The test does not determine whether the will is a fair one in all the circumstances of the case. We have testamentary freedom which can be influenced by caprice, passion or the power of new ties.

Case law

In the successful case of Biria v Biria [2024], we persuaded the Court that the disputed will was invalid for lack of mental capacity.

The deceased was a wealthy man with seven adult children, two of whom he lived with. My client was concerned that his Dad had lost the mental capacity to manage his money and was being financially exploited, including by the siblings he lived with. Obtaining a doctor’s assessment proved futile as the siblings refused to allow anybody access to their Dad and we were forced to invoke the jurisdiction of the Court of Protection. It took us bringing contempt of court proceedings against the siblings to achieve an assessment, when the doctor found Dad to be suffering from dementia and lacking capacity to manage his money. It was not until he died that a disputed will emerged, purportedly executed by him during the Court of Protection proceedings.

The key takeaway

The key takeaway is to obtain a contemporaneous medical capacity assessment when a testator is elderly, ill or vulnerable, even if you have no concerns.
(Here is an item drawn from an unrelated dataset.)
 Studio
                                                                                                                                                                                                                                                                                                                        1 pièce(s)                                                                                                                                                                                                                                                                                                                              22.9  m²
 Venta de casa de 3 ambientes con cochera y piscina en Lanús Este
In Biria, we suspected a will may be procured in suspicious circumstances and we acted pre-emptively. We succeeded in overturning the disputed will because we managed to achieve a medical assessment at around the time it was made. The judgment recognised that the doctor was the only person who had achieved access to the deceased. Had this not been the case the result could have been different.
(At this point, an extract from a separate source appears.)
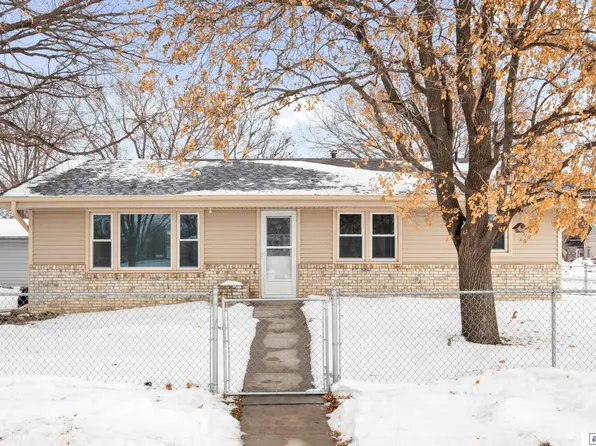 310 N Oak St, Weston, NE 68070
The corollary of this is enshrined in the ‘Golden Rule’, meaning, if you are preparing a will for a vulnerable testator, you should arrange for a medical practitioner to confirm their capacity to make it and keep it on file. The recent case of Leornard v Leornard [2024] is further evidence in support of the Golden Rule, where the Court pronounced against the validity of the deceased’s last will.

My top tip for futureproofing your will is follow the Golden Rule. It is not a touchstone for invalidity, but it could well save your legacy ending up in the High Court.